Claude vs Co Pilot. Giovann Adonis, in this post, delivers a brutally honest comparison between Claude Code and GitHub Copilot that reads like a developer’s diary after a particularly intense coding session. The Cape Town-based developer doesn’t mince words with his opening line: “Claude is 10 million times better!”, and while that might be hyperbole, his detailed breakdown of a real-world coding test reveals some genuinely eye-opening differences between these AI coding assistants. What makes this comparison particularly valuable is that it comes from someone who actually burned through Copilot’s credits mid-month and had to switch to Claude to finish his project.

The cost analysis presented here is absolutely fascinating and something every development team should consider. This post reveals that Claude’s variable pricing can easily hit $44 per day (ouch!), potentially reaching $300+ per developer monthly for maximum value, while Copilot sits at a predictable $34 per user per month. However, the author suggests you can “conservatively manage with around $120 per month on Claude”, which puts it in a competitive range if you can control your usage. The real kicker is his experience with Copilot’s token limits: premium tokens can be exhausted in just 5 days for power users, leaving you stuck with GPT-4.1 for the rest of the month.

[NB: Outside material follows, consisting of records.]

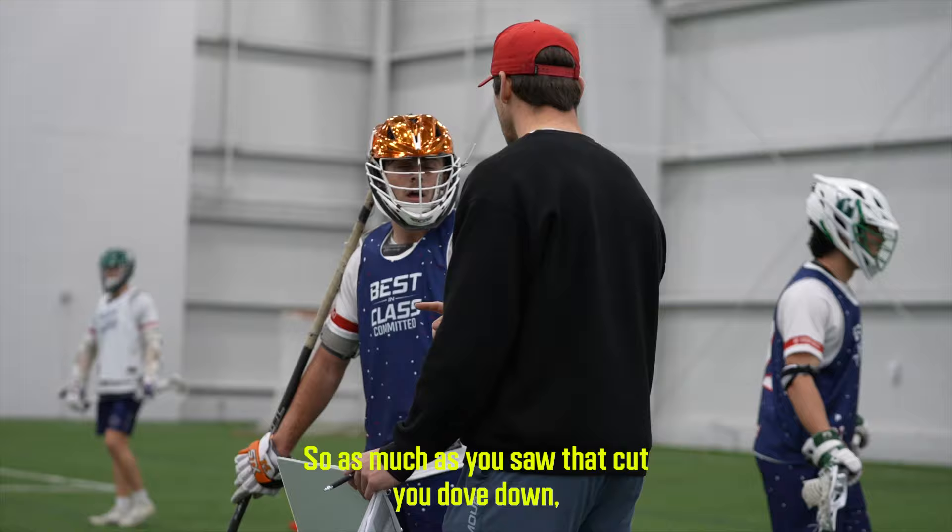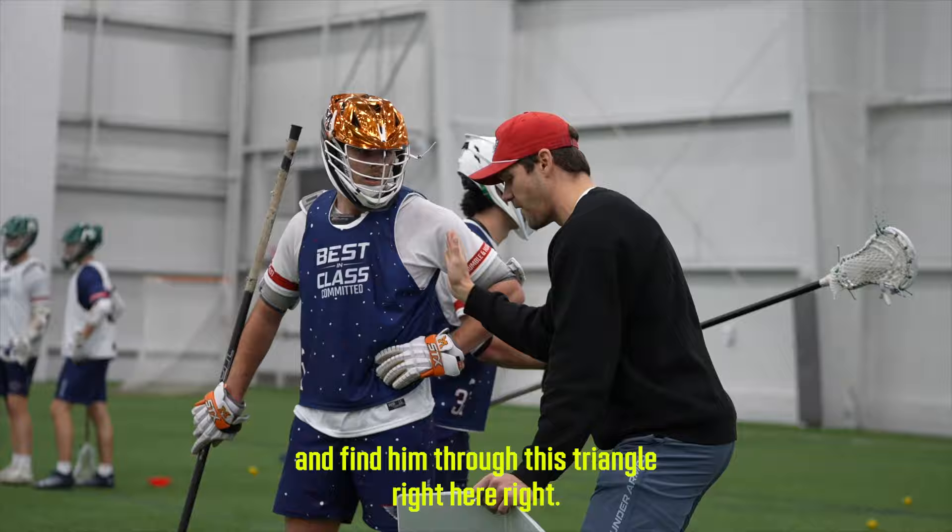As much as you saw that cut and dove down, you've got to find your man. But as much as you can get ball side of him and find him through this triangle right here, you can see both and play both. So that's just a little thing.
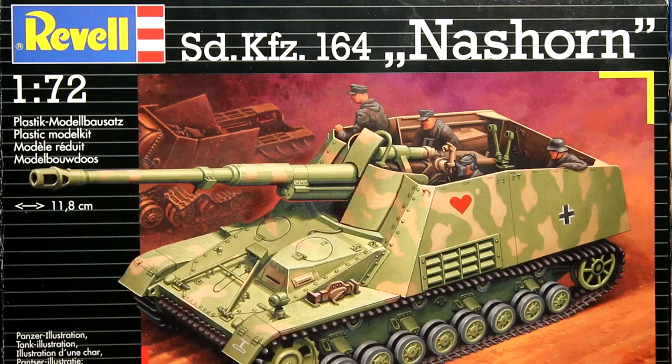Hello again guys. In this video I'm going to be building this Revell Nashorn, and as you can see it's in 1/72nd scale. I haven't built any 1/72nd scale armor before on the channel, or in fact before at all, so I'm interested to see how that will go.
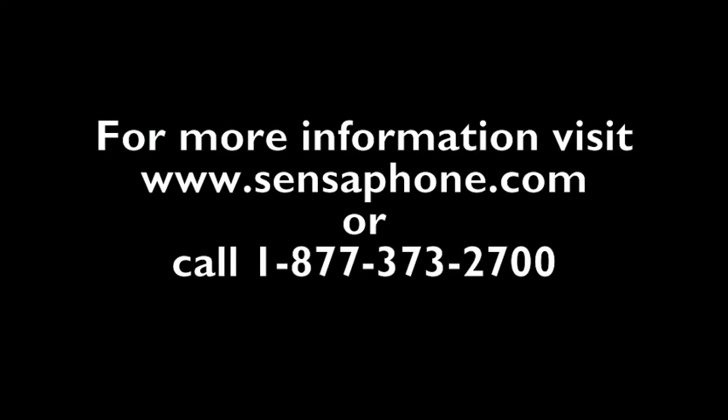For more information on the IMS 1000, please visit Sensaphone.com or call us toll free at 1-877-373-2700.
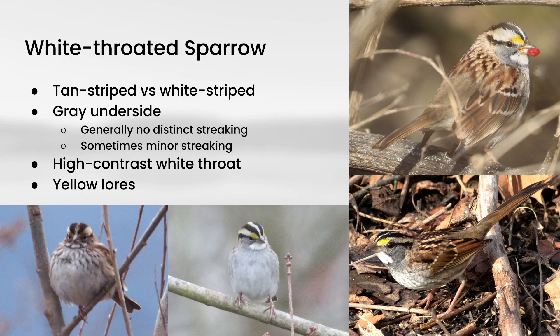Next we have White-throated Sparrow, and these come in two forms: tan-striped and white-striped, which basically refers to the color of the head stripe area. In the winter both of them are sort of muted, but the white-striped are still a little bit brighter in that area compared to the tan-striped, which can be quite dull. But in general, that distinction doesn't come into play much with identification. The main thing you want to be looking for is a plain gray underside that typically does not have any streaking.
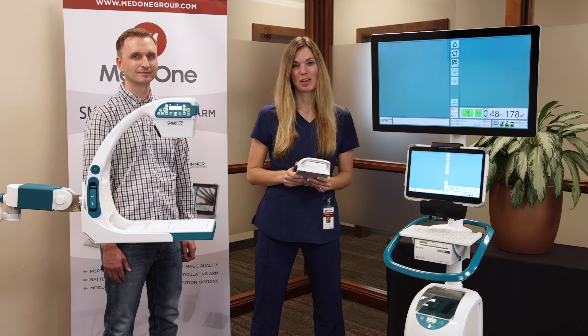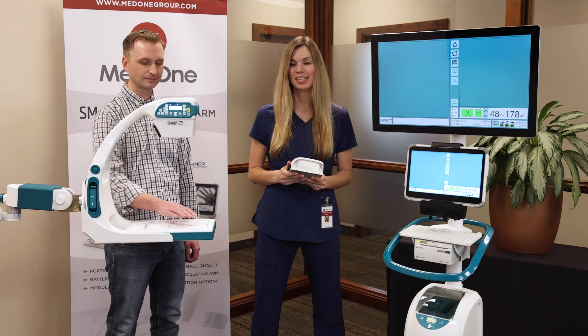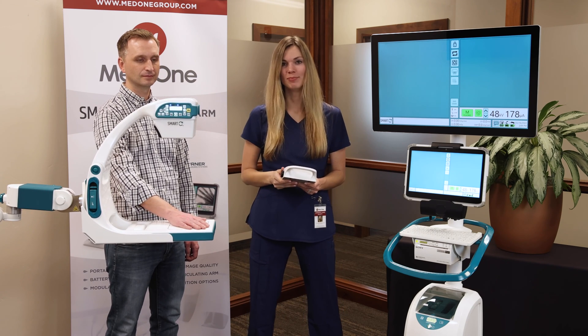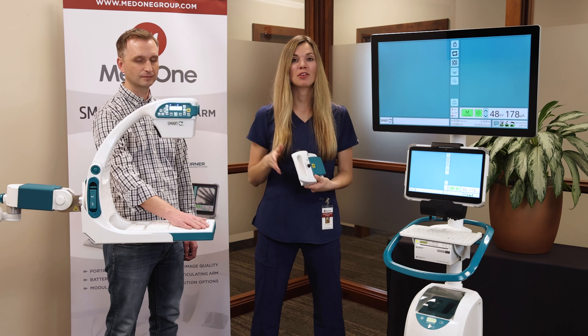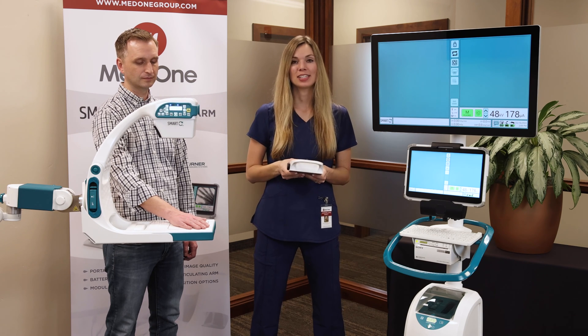Now we're ready to take an image. Position the Smart-C and your patient into the desired position. There's also a laser function to help with positioning. To take an image, you have a few different options — there are three different buttons on the head of the Smart-C, or you have the foot pedal. Simply press and hold down the button to initiate an image and release to terminate.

The technical comparison is where this gets really interesting. Adonis describes GPT-4.1 as creating “structural issues everywhere” and performing absurd actions, such as selecting entire databases to perform simple text comparisons instead of proper lookups. Meanwhile, Claude apparently understood his existing codebase structure instantly and could even fix the architectural problems that GPT had introduced. The UX trade-off is real, though. Copilot’s GUI versus Claude’s command-line interface that gives the author “PTSD of early development days.” His practical tips about using Git for rollbacks (since Ctrl+Z won’t save you from AI-generated code disasters) and leveraging multimodal inputs like wireframes are gold for anyone diving into AI-assisted development. If you’re on the fence about AI coding tools, this real-world battle report might help you pick your side.

_ _ _ _ _ _ _

The Coding Agent Metagame. In this post, Calvin French-Owen delivers what might be the most thoughtful analysis of why Claude Code has captured developers’ hearts, beyond its technical capabilities. Writing from his unique perspective as someone who worked on Codex at OpenAI, French-Owen explores what he calls the “coding agent metagame”, the idea that there are actually two optimisation loops happening when you use Claude Code: building your actual product, and optimising the “product harness” (the tools, environment, and prompts that make the CLI work better for you).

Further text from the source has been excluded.